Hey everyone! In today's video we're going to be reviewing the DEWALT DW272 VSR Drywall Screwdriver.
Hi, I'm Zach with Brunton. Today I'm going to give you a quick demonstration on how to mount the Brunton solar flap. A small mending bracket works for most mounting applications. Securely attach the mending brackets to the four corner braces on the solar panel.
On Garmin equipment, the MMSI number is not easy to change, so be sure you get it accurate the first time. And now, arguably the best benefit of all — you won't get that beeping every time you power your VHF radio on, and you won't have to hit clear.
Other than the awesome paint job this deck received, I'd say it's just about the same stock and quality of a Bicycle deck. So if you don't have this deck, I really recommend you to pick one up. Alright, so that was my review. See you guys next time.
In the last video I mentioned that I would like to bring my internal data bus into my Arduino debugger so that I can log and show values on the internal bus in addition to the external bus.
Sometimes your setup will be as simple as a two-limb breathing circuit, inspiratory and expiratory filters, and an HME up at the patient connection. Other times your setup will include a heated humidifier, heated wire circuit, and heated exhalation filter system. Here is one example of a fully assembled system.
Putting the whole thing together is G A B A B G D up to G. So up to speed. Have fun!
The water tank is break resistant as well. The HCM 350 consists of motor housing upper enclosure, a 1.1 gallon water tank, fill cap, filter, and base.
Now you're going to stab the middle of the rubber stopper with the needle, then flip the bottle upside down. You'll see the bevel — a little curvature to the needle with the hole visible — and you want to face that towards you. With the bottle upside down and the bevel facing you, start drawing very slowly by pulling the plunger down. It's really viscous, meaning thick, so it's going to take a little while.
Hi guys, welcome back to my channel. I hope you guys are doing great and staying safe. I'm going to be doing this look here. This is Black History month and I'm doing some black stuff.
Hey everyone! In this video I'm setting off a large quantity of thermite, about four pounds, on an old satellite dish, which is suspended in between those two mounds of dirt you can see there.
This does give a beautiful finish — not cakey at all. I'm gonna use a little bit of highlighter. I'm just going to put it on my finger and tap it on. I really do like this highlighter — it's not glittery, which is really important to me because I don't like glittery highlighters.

:::::

INSTRUCTIONS FOR THE TASK: So that no detail is lost, give every line of the data again exactly.

EXPECTED OUTPUT:
Hey everyone! In today's video we're going to be reviewing the DEWALT DW272 VSR Drywall Screwdriver.
Hi, I'm Zach with Brunton. Today I'm going to give you a quick demonstration on how to mount the Brunton solar flap. A small mending bracket works for most mounting applications. Securely attach the mending brackets to the four corner braces on the solar panel.
On Garmin equipment, the MMSI number is not easy to change, so be sure you get it accurate the first time. And now, arguably the best benefit of all — you won't get that beeping every time you power your VHF radio on, and you won't have to hit clear.
Other than the awesome paint job this deck received, I'd say it's just about the same stock and quality of a Bicycle deck. So if you don't have this deck, I really recommend you to pick one up. Alright, so that was my review. See you guys next time.
In the last video I mentioned that I would like to bring my internal data bus into my Arduino debugger so that I can log and show values on the internal bus in addition to the external bus.
Sometimes your setup will be as simple as a two-limb breathing circuit, inspiratory and expiratory filters, and an HME up at the patient connection. Other times your setup will include a heated humidifier, heated wire circuit, and heated exhalation filter system. Here is one example of a fully assembled system.
Putting the whole thing together is G A B A B G D up to G. So up to speed. Have fun!
The water tank is break resistant as well. The HCM 350 consists of motor housing upper enclosure, a 1.1 gallon water tank, fill cap, filter, and base.
Now you're going to stab the middle of the rubber stopper with the needle, then flip the bottle upside down. You'll see the bevel — a little curvature to the needle with the hole visible — and you want to face that towards you. With the bottle upside down and the bevel facing you, start drawing very slowly by pulling the plunger down. It's really viscous, meaning thick, so it's going to take a little while.
Hi guys, welcome back to my channel. I hope you guys are doing great and staying safe. I'm going to be doing this look here. This is Black History month and I'm doing some black stuff.
Hey everyone! In this video I'm setting off a large quantity of thermite, about four pounds, on an old satellite dish, which is suspended in between those two mounds of dirt you can see there.
This does give a beautiful finish — not cakey at all. I'm gonna use a little bit of highlighter. I'm just going to put it on my finger and tap it on. I really do like this highlighter — it's not glittery, which is really important to me because I don't like glittery highlighters.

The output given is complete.